Bir de şu Reno ve boşanma meselesi var. Bu muhabbeti ilk olarak The Women'da (1939) gördüğümü hatırlıyorum. Hikayesi baya ilginçmiş. Hatta Preston Sturges da senaryoyu Reno'da, üçüncü boşanma davasının sonuçlanmasını beklerken yazıyor!






İlginç trivia'dan birkaçı şöyle:

- Muggsy burnunun altına bir fırça koyarak Hitler taklidi yaparken aslında İsveççe konuşuyor ve "Yaramaz çocuk, şimdi suratını yumruklayacağım!" diyor.
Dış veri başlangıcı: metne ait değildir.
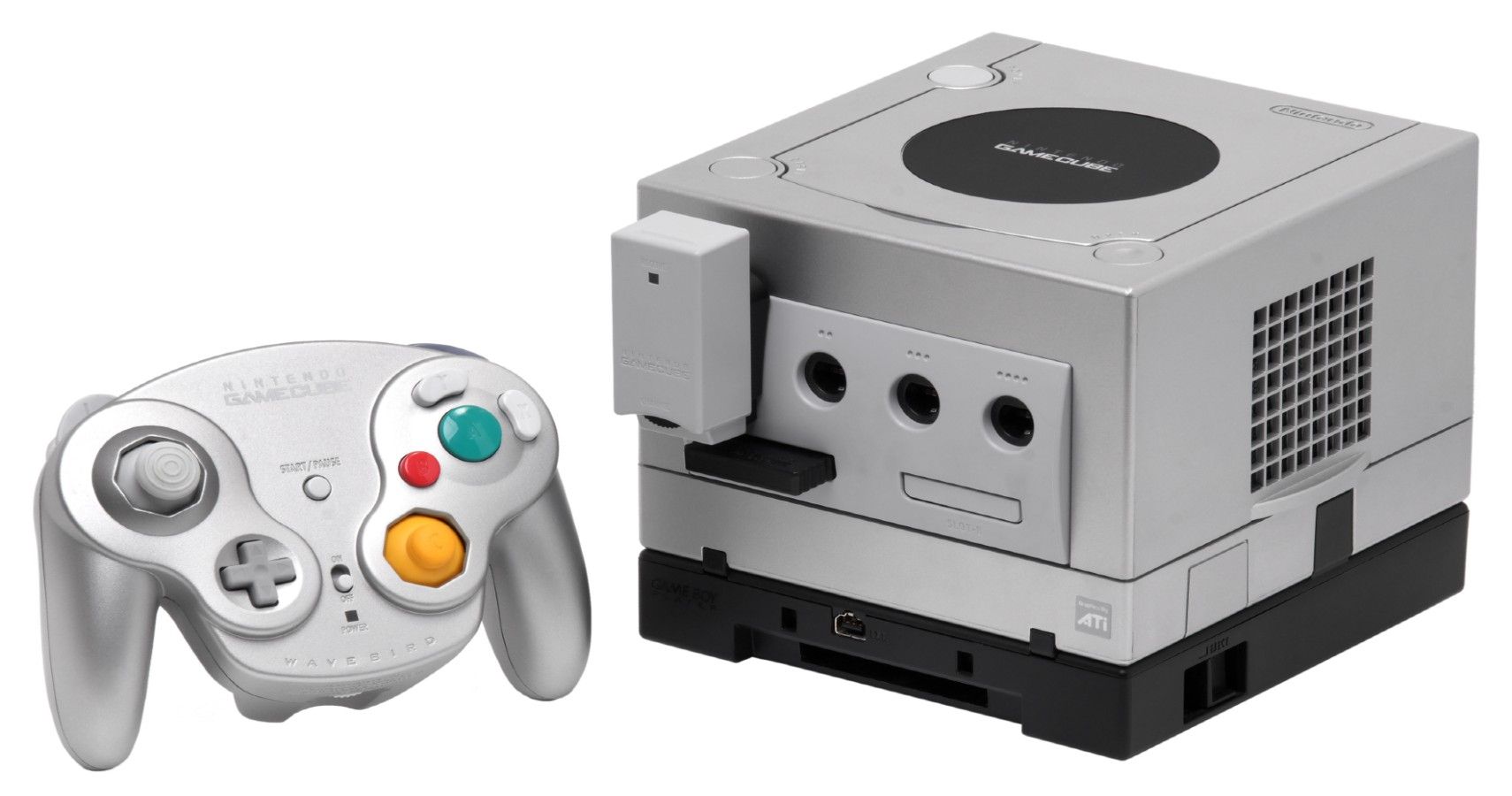 10 Things You Didn't Know About The GameCube | Game Rant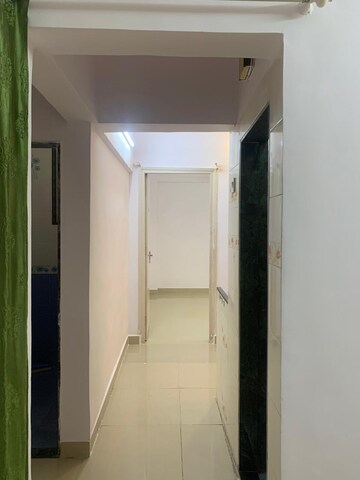 Building Lobby in 1 BHK Apartment at Andheri Green Field Towers, Jogeshwari East – for Rent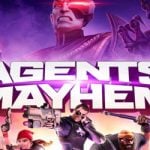 Agents of Mayhem Download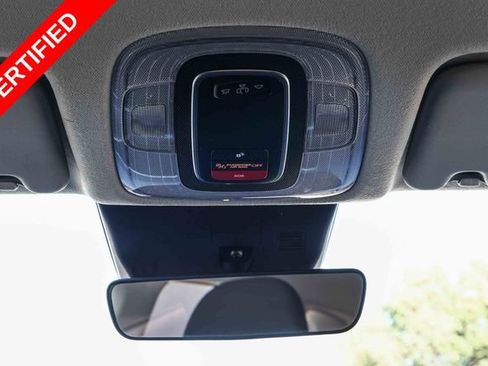 Certified 2025 Hyundai Kona SEL FWD image 17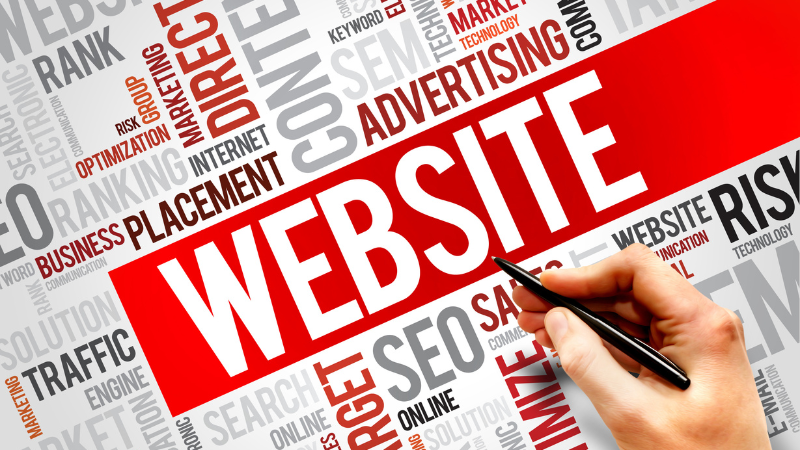 Your Website Is Not Just a Page — It’s Your Digital First Impression
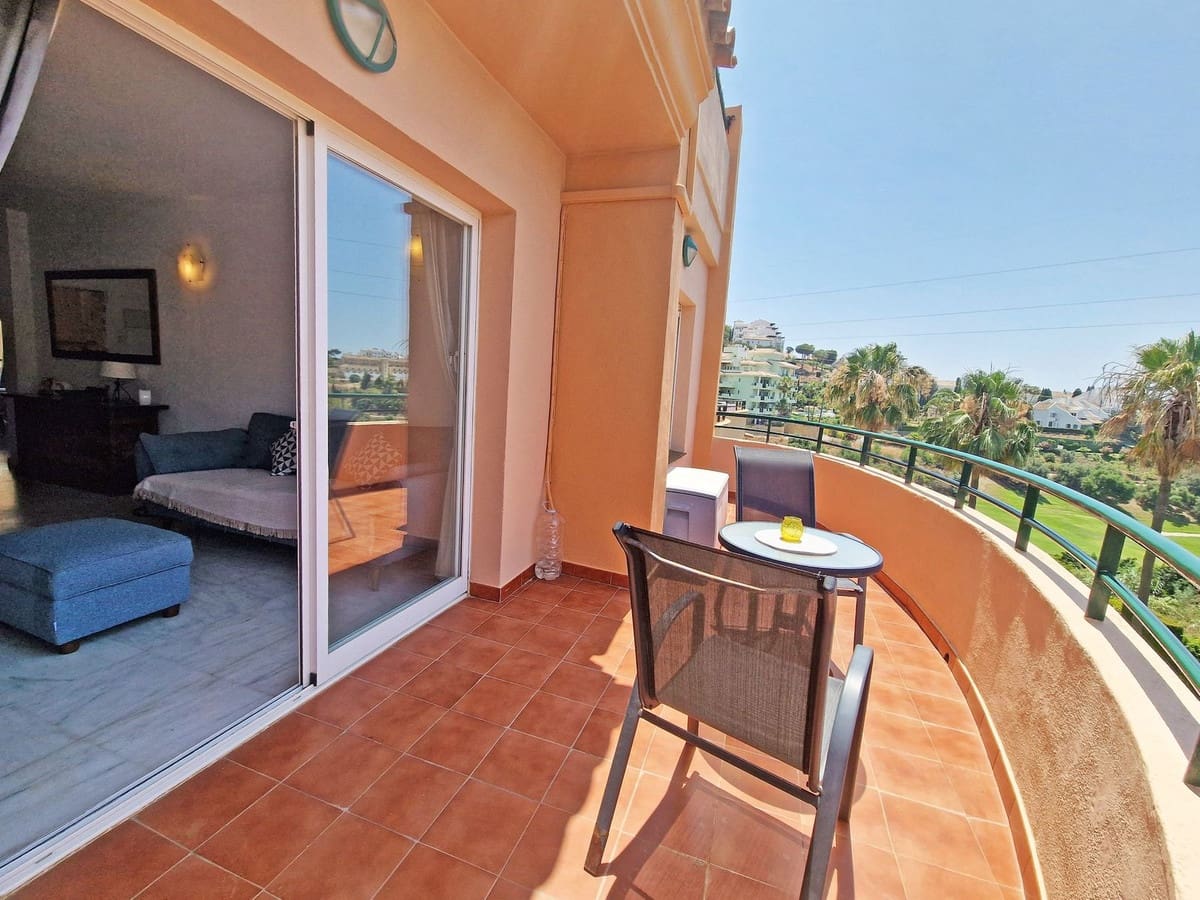 3 quarto Penthouse para venda em Riviera del Sol - 395 000 € (Ref: 9364041)
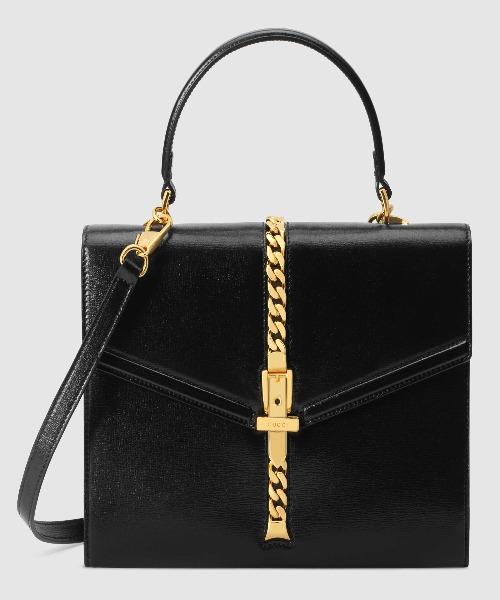 Louis Vuitton Lou Monogram Chain Leather Crossbody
Oyuncu esasen İsveçli miymiş ki dedim ama değil. 

- Filmde yakın plan görülen bir çek var. Çekteki tarih 29 Ağustos Sturges'ın doğum günü.

- Filmde görülen "Are Snakes Necessary" kitabının adı James Thurber ve E.B. White'ın "Is Sex Necessary" adlı kitabına gönderme. 

- Filmdeki yılan oyuncu pek yardımcı olmamış. Kış uykusuna denk geldiğinden ya uyuyor ya da deri değiştiriyormuş!

- Henry Fonda'nın filmin başında bahsettiği "Professor Marsdit", dönemin Carl Sagan veya bizim dönemimizin Neil deGrasse Tyson'ı gibi bilimi popülerleştiren bir isim olan sürüngen uzmanı Raymond L. Ditmars'ın ismine gönderme. 


* Bogdanovich'in şurada aktardığına göre bir gün birisi Charles Chaplin'e kamera açılarının o kadar da ilginç olmadığını söylüyor. Chaplin de "olmasına gerek yok, ilginç olan benim" diye cevap veriyor.